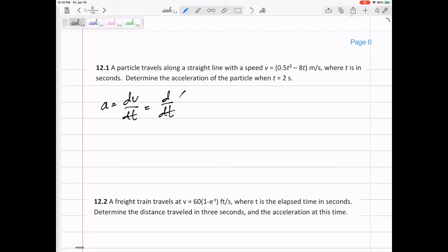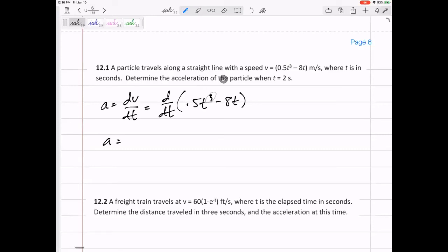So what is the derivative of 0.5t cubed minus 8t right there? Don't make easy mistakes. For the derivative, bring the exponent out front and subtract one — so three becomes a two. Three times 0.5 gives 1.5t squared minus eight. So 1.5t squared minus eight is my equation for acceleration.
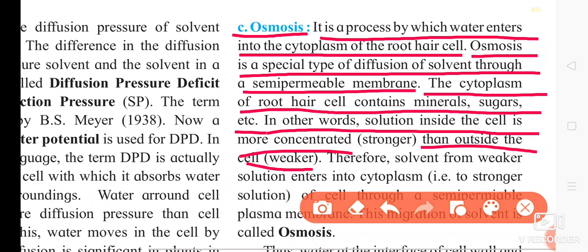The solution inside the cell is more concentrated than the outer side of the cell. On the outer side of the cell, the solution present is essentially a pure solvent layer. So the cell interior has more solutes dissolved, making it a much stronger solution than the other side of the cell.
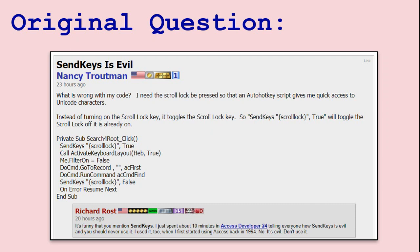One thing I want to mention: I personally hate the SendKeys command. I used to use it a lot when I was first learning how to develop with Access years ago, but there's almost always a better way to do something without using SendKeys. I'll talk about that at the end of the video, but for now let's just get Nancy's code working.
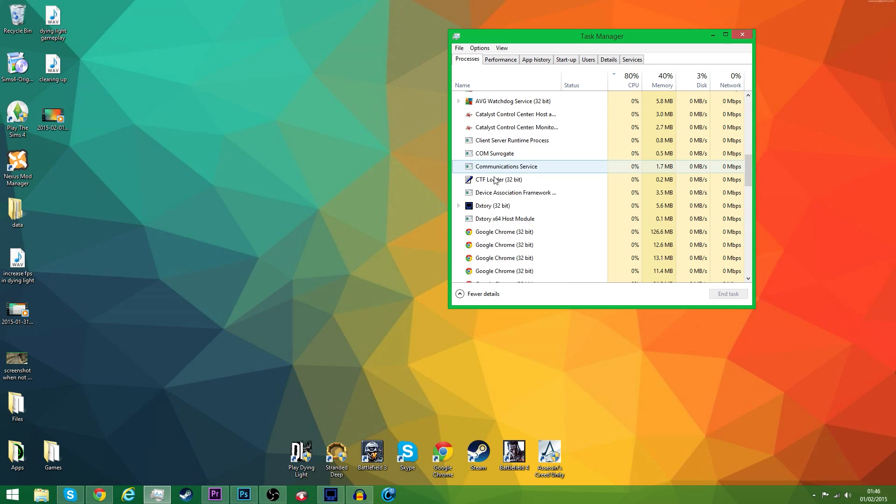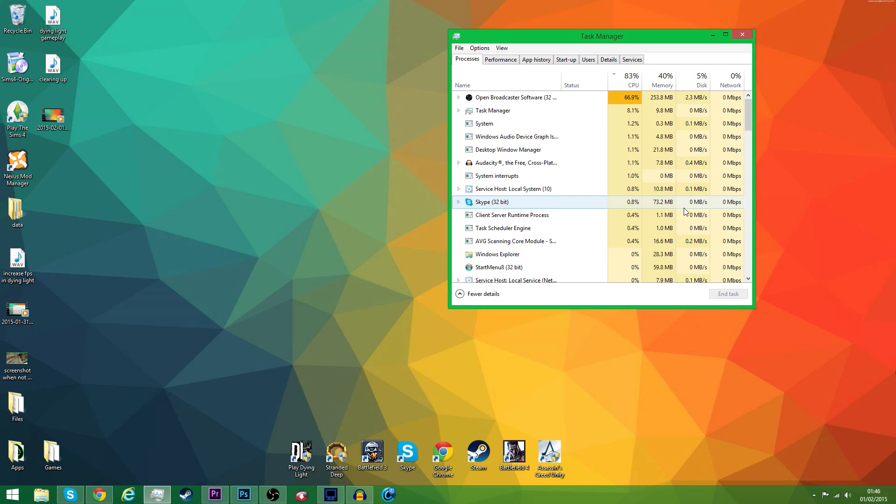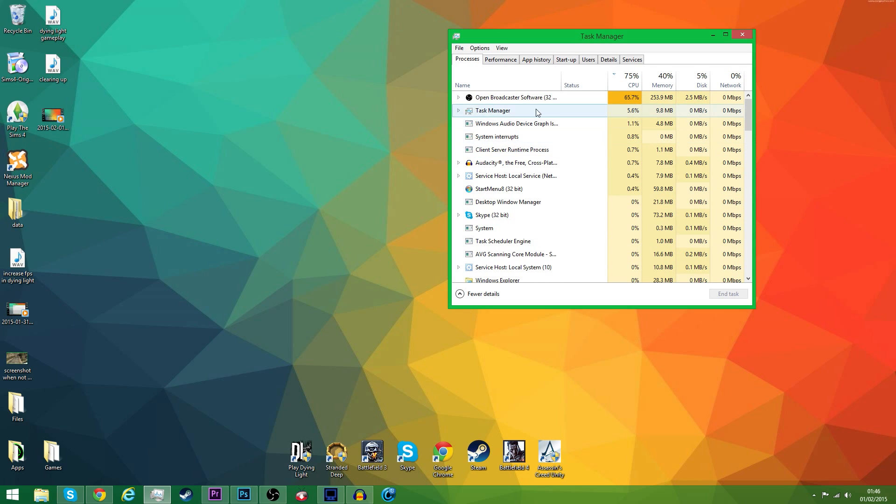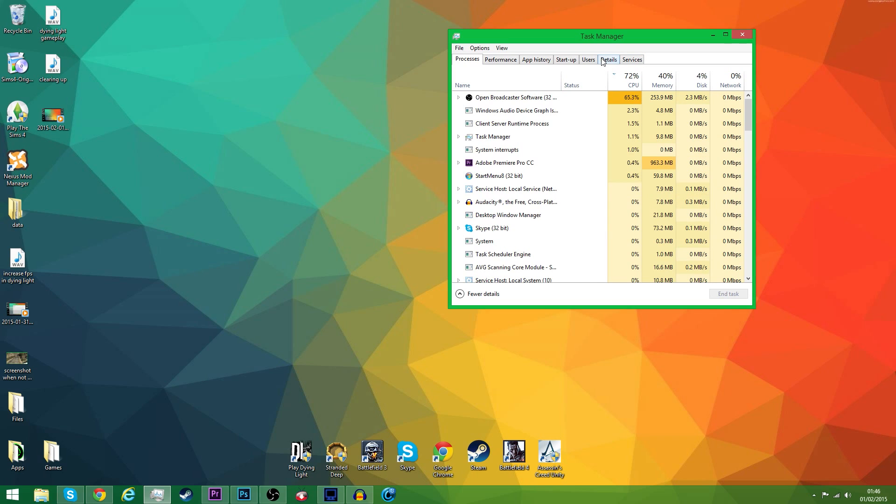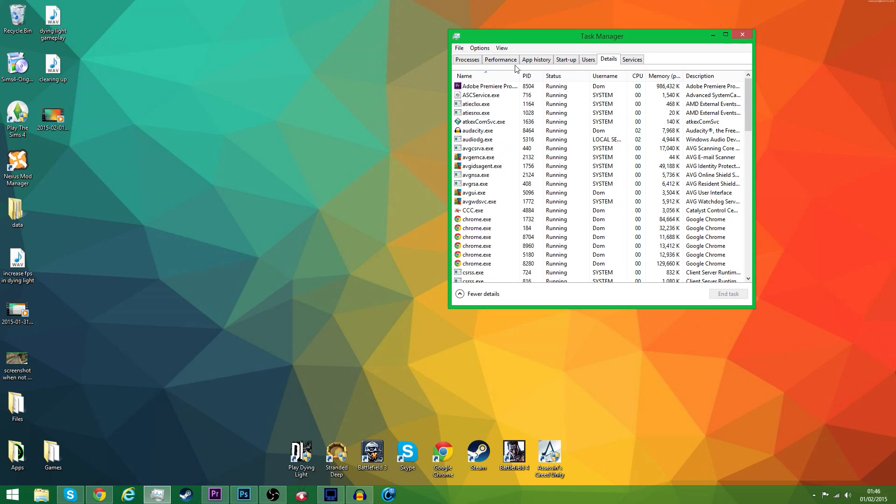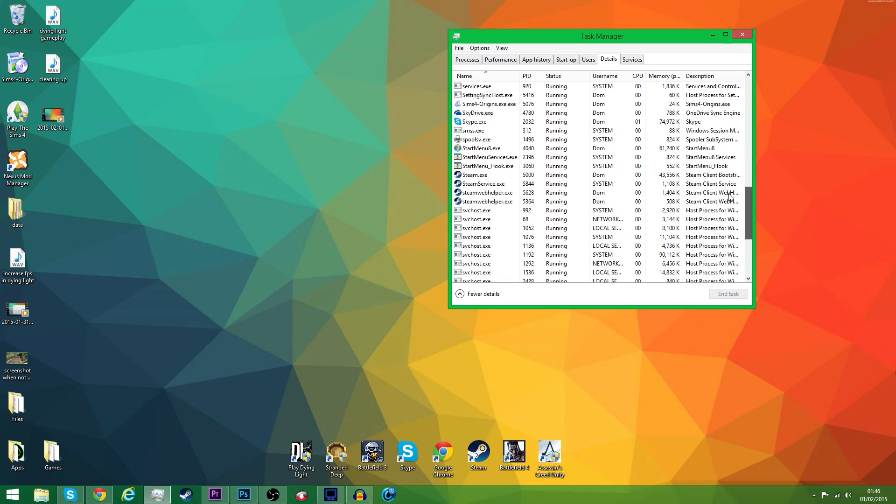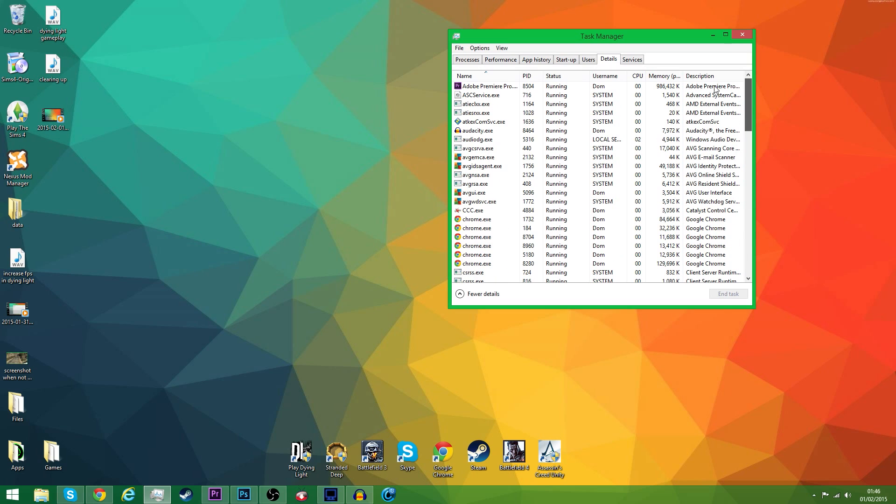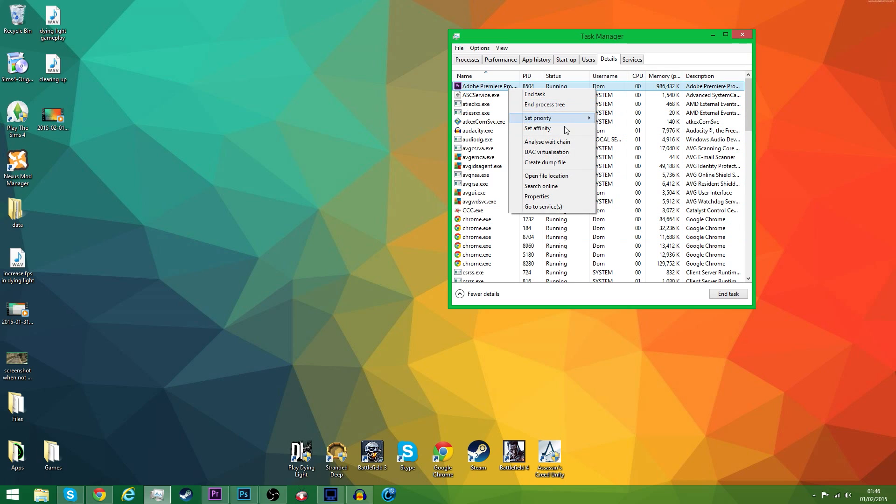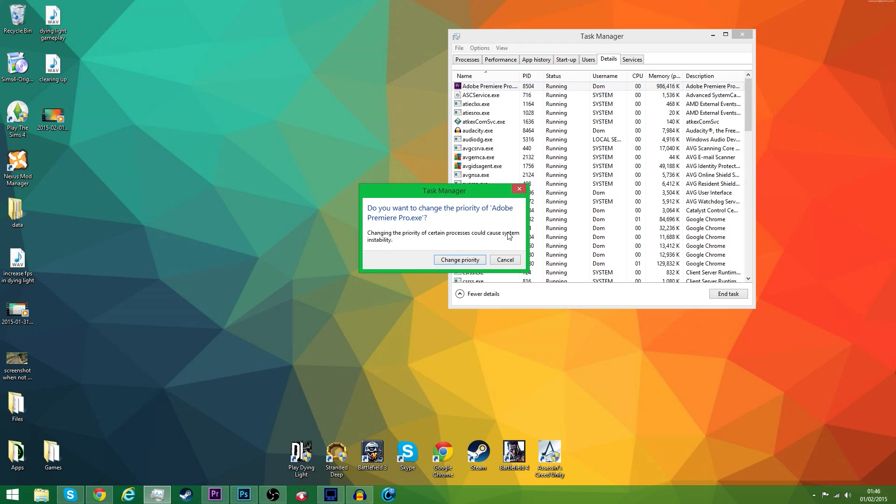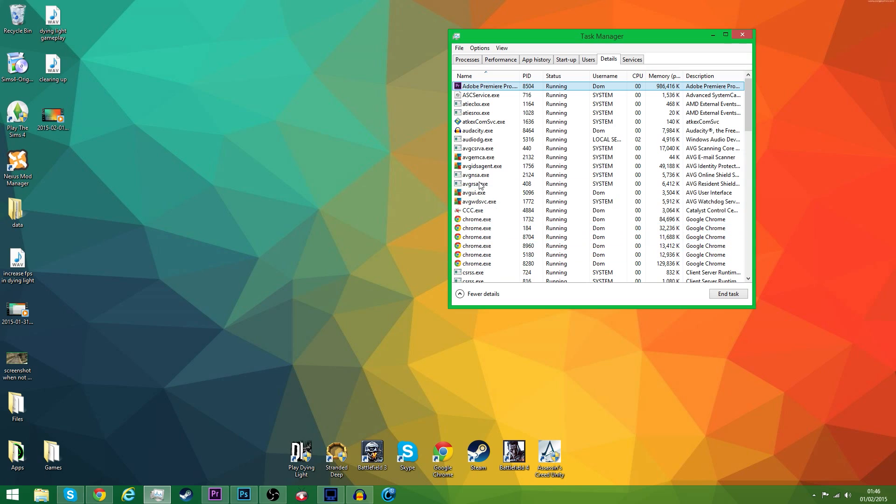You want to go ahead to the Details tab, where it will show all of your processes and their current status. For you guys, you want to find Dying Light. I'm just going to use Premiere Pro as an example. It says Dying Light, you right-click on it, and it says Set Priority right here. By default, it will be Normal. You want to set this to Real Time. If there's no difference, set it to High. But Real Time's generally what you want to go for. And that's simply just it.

------------

• **PROBLEM**: Write out the whole listing above exactly, minus images.

• **TASK SOLUTION**:
So what is the derivative of 0.5t cubed minus 8t right there? Don't make easy mistakes. For the derivative, bring the exponent out front and subtract one — so three becomes a two. Three times 0.5 gives 1.5t squared minus eight. So 1.5t squared minus eight is my equation for acceleration.
The solution inside the cell is more concentrated than the outer side of the cell. On the outer side of the cell, the solution present is essentially a pure solvent layer. So the cell interior has more solutes dissolved, making it a much stronger solution than the other side of the cell.
One thing I want to mention: I personally hate the SendKeys command. I used to use it a lot when I was first learning how to develop with Access years ago, but there's almost always a better way to do something without using SendKeys. I'll talk about that at the end of the video, but for now let's just get Nancy's code working.
You want to go ahead to the Details tab, where it will show all of your processes and their current status. For you guys, you want to find Dying Light. I'm just going to use Premiere Pro as an example. It says Dying Light, you right-click on it, and it says Set Priority right here. By default, it will be Normal. You want to set this to Real Time. If there's no difference, set it to High. But Real Time's generally what you want to go for. And that's simply just it.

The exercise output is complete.